As noted earlier under the practice of structured problem decomposition, the e-textiles t-shirt affords students rich and complex opportunities to debug their work. Because of the multiplicity of options for potential problems with e-textiles computational circuits, students spend a great deal of time debugging circuits. One such issue arose with a student’s t-shirt that switched the lights based on the angle she was leaning at. As she debugged the issue with her teacher, this conversation occurred.

  • Teacher: SO when you tilt… tilt more. Tilt all the way back and all the way forward. Ok. Stand straight up.

  • Student: It is really picky about how I stand.

  • Teacher: Huh. I wonder why it does that.

  • Student: So it switches direction?

  • Teacher: Very cool.

Another conversation with a different student showcased a similar need for debugging projects:

  • Teacher: So what is it doing?

  • Student: I don’t know.

  • Teacher: Well, it says it is going to go on when it is tilted.

  • Student: Yeah.

  • Teacher: So it should be on right now?

  • Student: ummmmm.

  • Teacher: Look, they went on!

  • Student: Yay!

  • Teacher: Wait, what is on pin nine?

  • Student: The vibe motor.

  • Teacher: Oh, so they [the lights] are all on pin 10?

  • Student: Yeah.

  • Teacher; Ok, that worked.

The debugging and making processes also helped students understanding of the science they were engaged in learning. As one student shared:

  • I like science a lot, but a lot of abstract concepts are harder for me to understand. So when I am making something, and it is being demonstrated in front of me, and I am actively making it happen and understanding it by doing it, I think that helps me a lot…. Sometimes I won’t understand—like with the lights, I don’t remember where positive and negative go, but then it’s good that there is that challenge, because it is good we are doing this in this way, because the challenges I can easily figure out—because I can turn the light bulb around.… I really did not understand electricity at all. It was always something I was really curious about, because I was like ‘how do lights work?’ and now I can go ‘oh circuits right and electrons,’ because now I am seeing these circuits being made, and I am making my own and I can see what is going on. I feel like I understand it a lot better.

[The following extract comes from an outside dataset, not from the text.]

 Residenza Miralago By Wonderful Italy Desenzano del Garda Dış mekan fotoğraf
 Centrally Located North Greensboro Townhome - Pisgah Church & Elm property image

Prior research articulates specific barriers to classroom teacher integration of computing. Within science classrooms, teachers require increased content knowledge across computing and science content in order to effectively integrate them (Aldunate & Nussbaum, 2013; Ertmer et al., 2012). Without sufficient content knowledge in both areas, teachers are not able to engage the simultaneous instruction needed for integrated learning. Furthermore, even when teachers have the required content knowledge bases, they require professional models that make the practices and pedagogical strategies of integrated instruction and learning visible (Repenning, 2012; Smolin & Lawless, 2007). Within the curriculum and professional development, both of these known barriers were designed to scaffold. Because of that, Mr. Volta and Mr. Kirchhoff were successful enough in their teaching to branch out and layer in an additional level of complexity- an inquiry-based project that allowed students to engage in simultaneous physics and computing learning. The success of the project was evident in student responses and work product. However, the question remains of what implications exist for science teacher education.

Our science teachers were explicit in stating their belief that computing was only of value if it met their content area instruction goals. Importantly, to arrive at this belief, both teachers needed disciplinary knowledge in science and computing, a model curriculum to build from, and repeated professional development opportunities. For many practicing science teachers who have recently transitioned to the NGSS, computational thinking and other disciplinary practices are new. Thus, professional development can play an important role in supporting teachers in integrating computational thinking into the physics classroom and other science and engineering contexts. By creating scaffolded professional learning opportunities and materials, professional development providers can support experienced teachers into developing and practicing the needed pedagogical skills to integrate computing and computational thinking into their daily instructional practice.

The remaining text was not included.